Gardner or not, these images are embedded in our souls as the images of success, reward, and completion.
Such symbolic images are packed with meanings like, “Hard work earns a reward.”
Or, “Now is the time to harvest the results of your efforts!” And, "You reap what you sow."
Further, it’s implied that your harvest, or lack of one, reflects your value as a person, your competency, your skill, and your ability—or lack of—to manifest abundance in your life.
Not All Harvests Are Visible, Bounteous, Or Beautiful.
Not All Barren Fields Are Empty.
Whether your fields are full and ripe for the harvest, parched, withered, and barren, or somewhere in between, you can gather gifts from them.
Casting our hopes and dreams upon the fertile earth of our lives is no guarantee of a harvest. It’s an invitation to watch, water, tend, weed, and learn.
We can learn just as much from what didn’t grow, what was planted in the wrong place, at the wrong time, and under the wrong conditions, as we can from a harvest of plenty.
The journey to becoming your own heroine, recreating yourself, and loving your destiny incorporates all you learn from bounteous and barren times. This is The Heroine’s Path. It is saying yes to the entire adventure.

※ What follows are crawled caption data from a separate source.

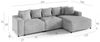 Ecksofa Designersofa Sofa MEGAN in Stoff Salvador Grau Ottomane Links Bild 2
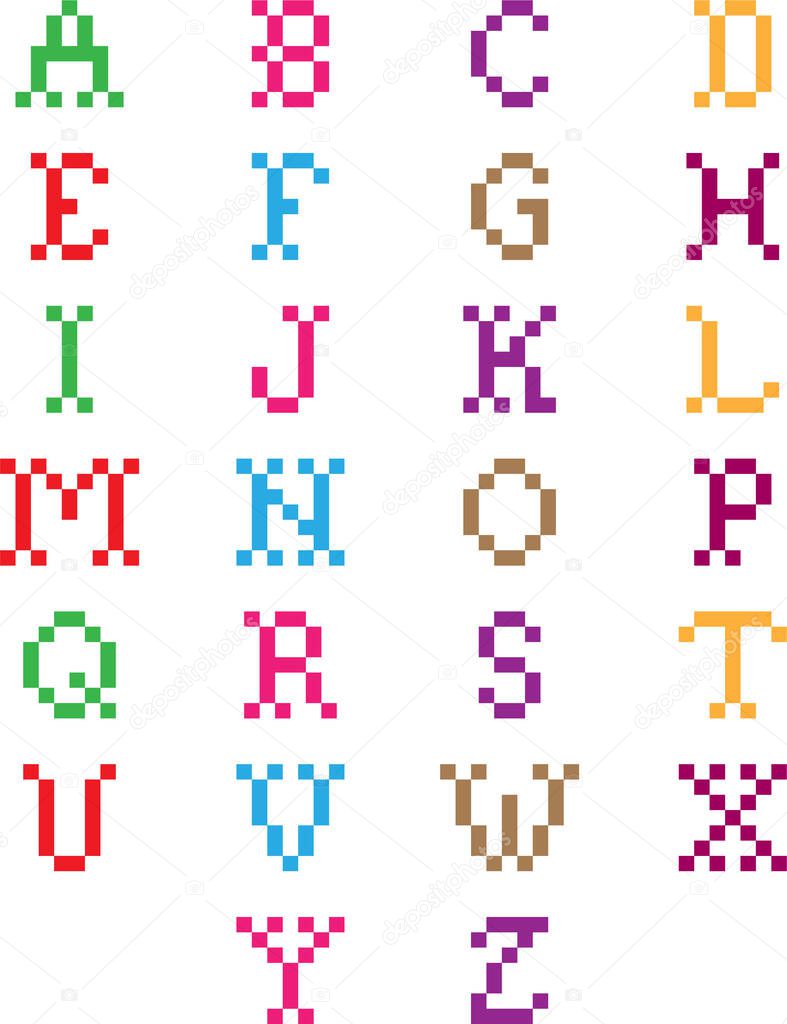 An Alphabet Pixel art vector illustration on a white background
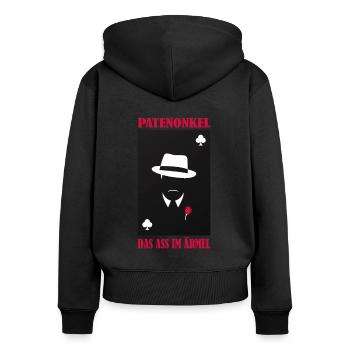 Herren Patenonkel Pate Patenschaft Onkel Patenkind - Frauen Premium Bio Zip Hoodie - Schwarz - Hinten - Julia (174cm)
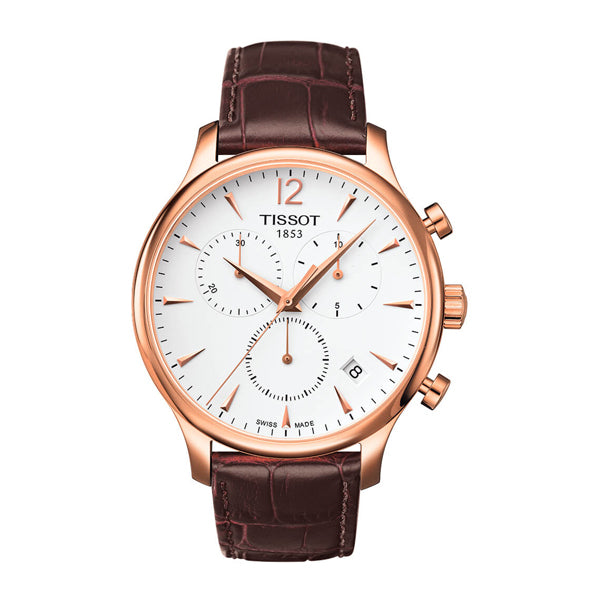 Tissot Tradition Brown Leather strap White Dial Chronograph Quartz Watch for Men's - T-063617360370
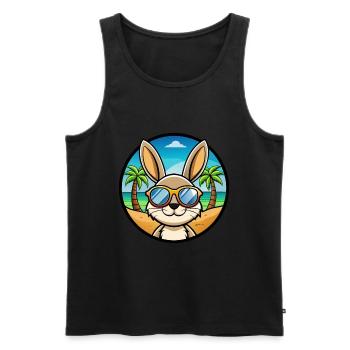 Kaninchen Lustige Cartoon Sommer Strand Sonnenbrille Cool - Männer Premium Bio Tank Top - Schwarz - Vorne - AI Model Male 178 light (178cm)
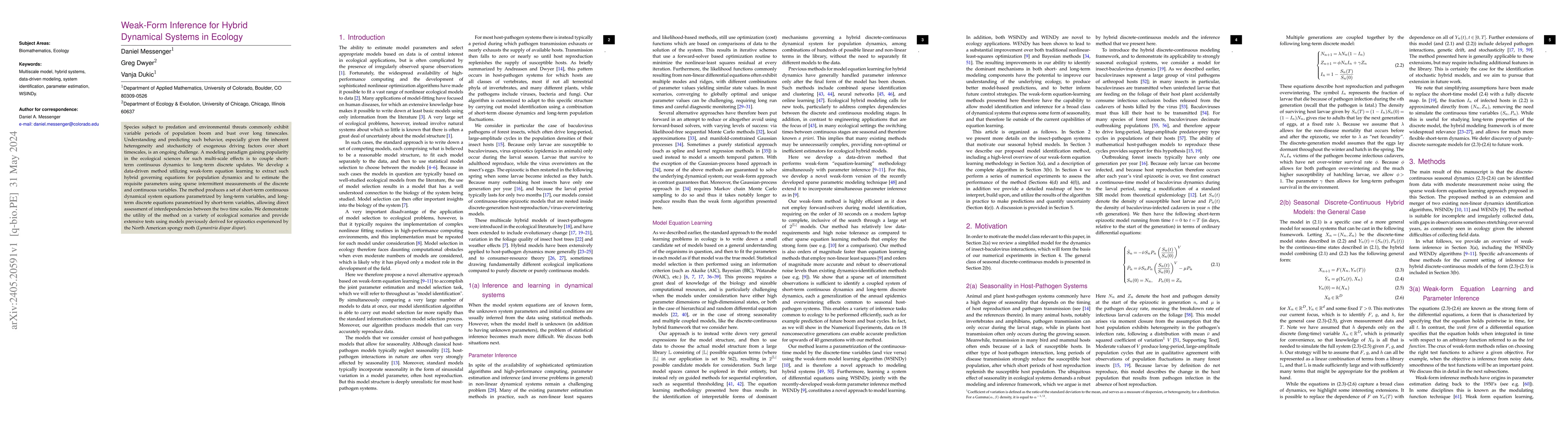 Thumbnail for Weak-Form Inference for Hybrid Dynamical Systems in Ecology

Saturday, September 10th is the Full Harvest Moon. This is a good time to take a walk under its light, write in your journal, make some art, or share a moment with those you love and consider your harvest, gather your thoughts, and offer gratitude for the bounty of all of life's experiences.
The warrior’s approach is to say ‘yes’ to life: say ‘yea’ to it all. Participate joyfully in the sorrows of the world. We cannot cure the world of sorrows, but we can choose to live in joy. When we talk about settling the world’s problems, we’re barking up the wrong tree. The world is perfect. It’s a mess. It has always been a mess. We are not going to change it.